* PROBLEM TO SOLVE *
Skip pictures in the listing below; copy exactly the lines from the one with "TV, DVD-spiller, bøker og stereoanlegg" through the one with "Building Photo - 23 White Alder Dr", inclusive.

* RECORDS TO PROCESS *
·····

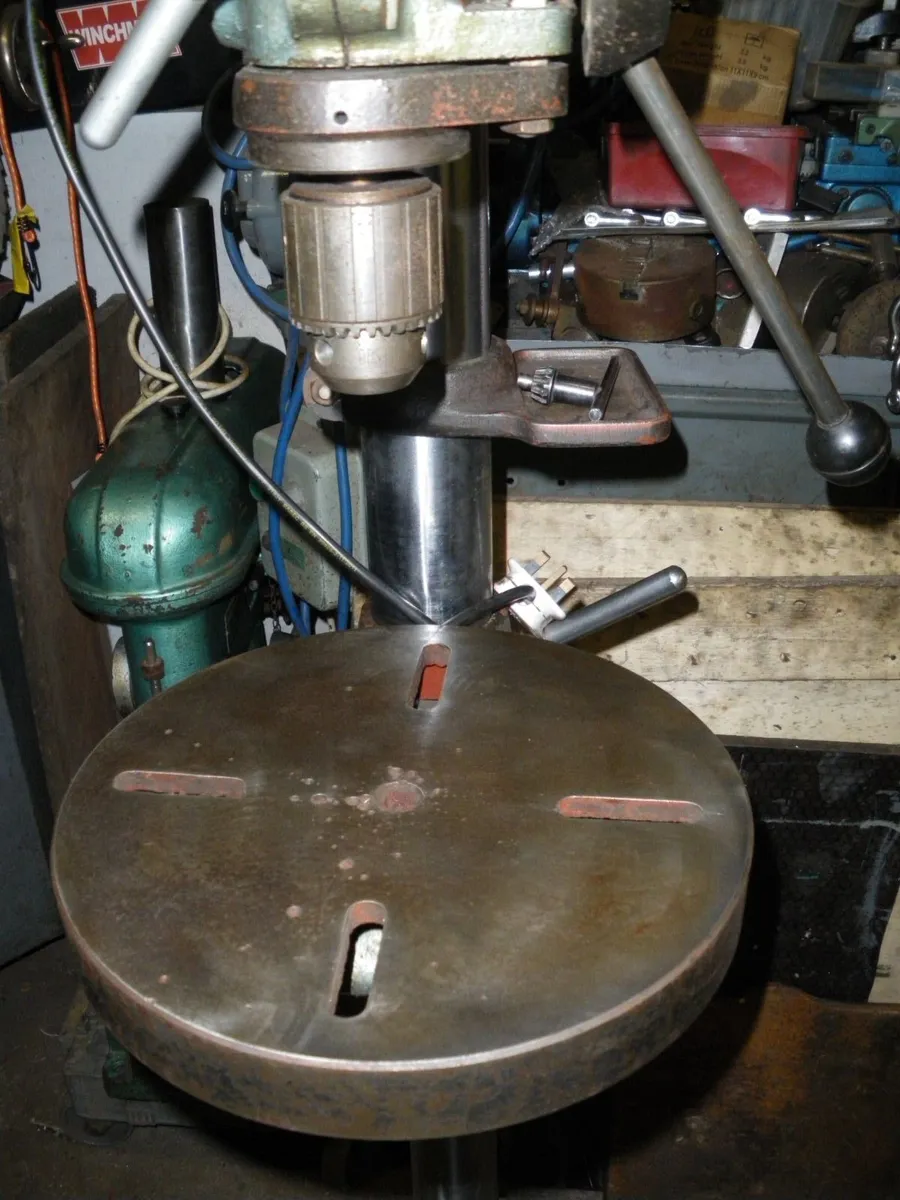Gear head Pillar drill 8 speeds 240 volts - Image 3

·····

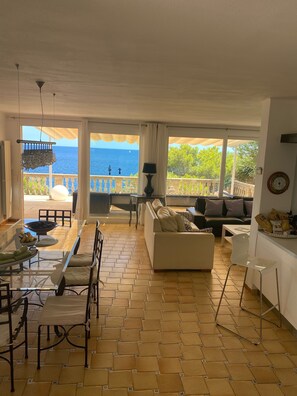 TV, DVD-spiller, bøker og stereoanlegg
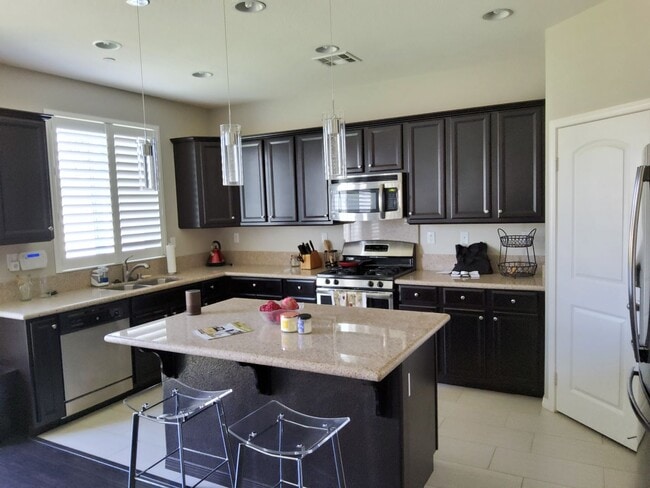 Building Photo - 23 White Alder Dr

·····

* REPLY TO THE TASK *
 TV, DVD-spiller, bøker og stereoanlegg
 Building Photo - 23 White Alder Dr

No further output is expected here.